If you only ever buy one gardening book make sure that it is the Encyclopedia of Plants & Flowers from Dorling Kindersley. This beautifully illustrated book is newly revised and updated and provides you with everything you need to know about 8,000 plants and varieties suitable for North America.
Whether you are a novice gardener or a green fingered expert, you will find value in these pages.
The book begins with an explanation of plant names and origins, and you are then presented with an illustration – the “Visual Key to Plant Classification” which makes it easy to understand everything from family & genus to species, sub-species, varietas, and cultivar.
Next, comes the “Creating a garden” section. Starting out with a light discussion on styles it takes you into the assessment of your soil, how to provide seasonal interest, using colour and basic planting techniques. This section is especially useful if you are new to gardening and do not want to be weighed down with a lot of detailed information. The guidelines and instructions are clear & concise, providing you with enough confidence to begin laying out and planning your garden but without overwhelming you.
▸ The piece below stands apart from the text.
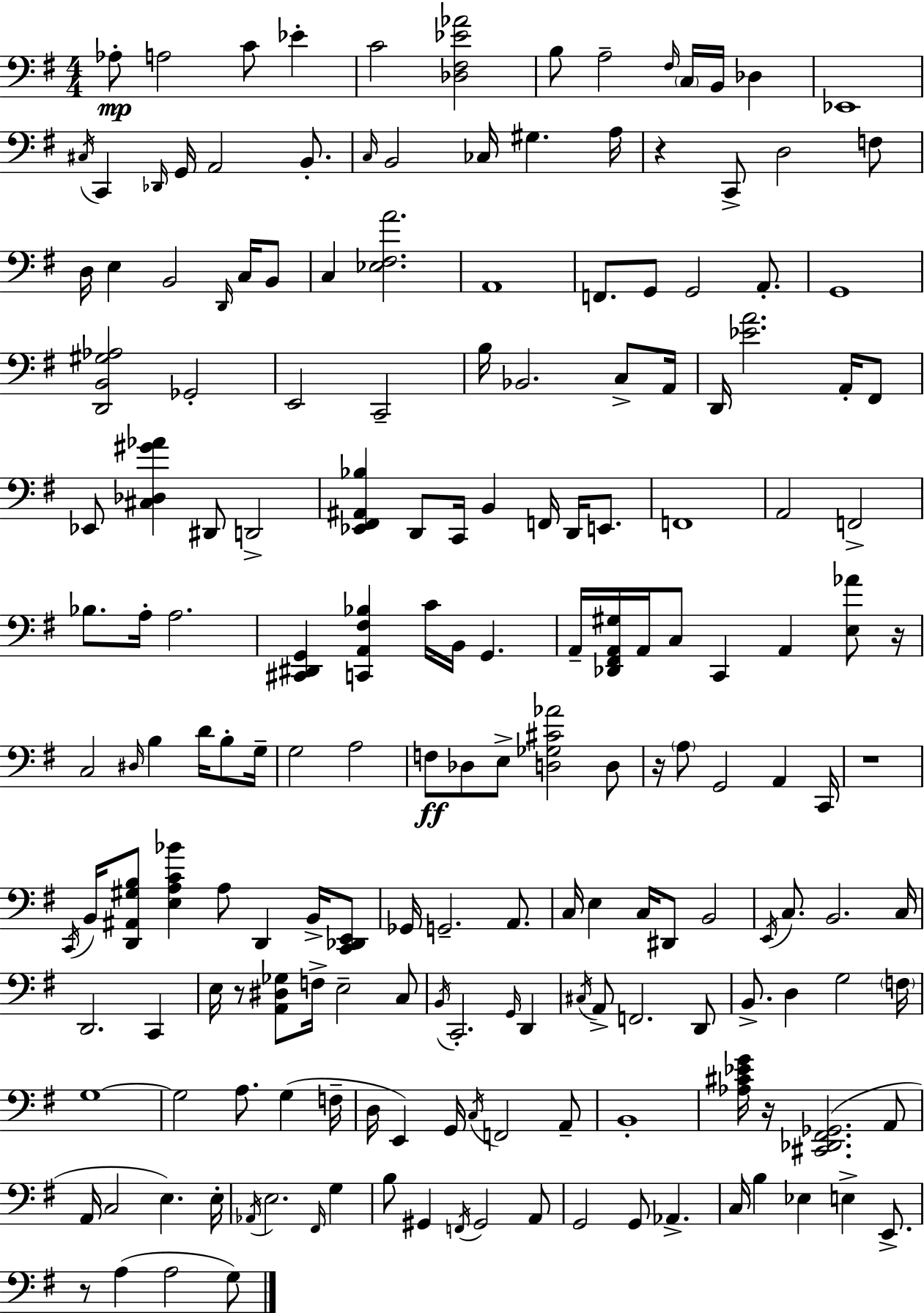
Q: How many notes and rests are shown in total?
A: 184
The plant selector section is also excellent for new gardeners or for those who have moved to a new home and find themselves with different soil condition than those they are used to. Find yourself with sandy soil? Just turn to page 32 and discover the types of trees, perennials, rock plants, climbers and many many more, that will thrive best in those conditions. Or perhaps you want to plants with aromatic foliage? Page 52 details everything you need to delight the nose as well as the eye!
The main body of the book is broken down into:
- Climbers & Wall Shrubs
- Annuals, biennials & bedding
- Rock Plants
- Water & Bog plants
- Tender & Exotic plants
Each section is further broken down into plant size, the main season of interest and then colour. This makes it very easy to search for a plant to serve a particular purpose. For example – you would like a perennial for the flower bed – it mustn’t be too big because it’s going to be in front of other plants, you’d like it to flower in the spring when the bed is light on colour, and you would like something white. The intuitive layout of this books makes it easy to find suitable candidates in just moments – Solomons seal anyone? Larger families of plant have special pages dedicated to them – such as lilies & penstemons; others have special sections detailing different varieties.
If the 4000 illustrated varieties aren’t enough for you, there are a further 4000 additional listings in the plant dictionary.This 8000 listing section provides you with descriptions, characteristics and cultivation information and cross references where there is an illustration. If all of that info isn’t enough for you, the book rounds off with a “common names” section.
Now I have a bit of a confession – our garden is mostly mulch with a couple of trees and a scrubby patch of lawn. I could not, by any stretch of the imagination be described as a gardener, but I love this book! It’s luscious illustrations call out to be looked through. Each turn of the page surprises you with a new nugget of knowledge and although I like to share my books – my “don’t hurt it” instincts kicked in when Gabriel wanted to look too. It took all of my self-control not to step in as he gently looked through.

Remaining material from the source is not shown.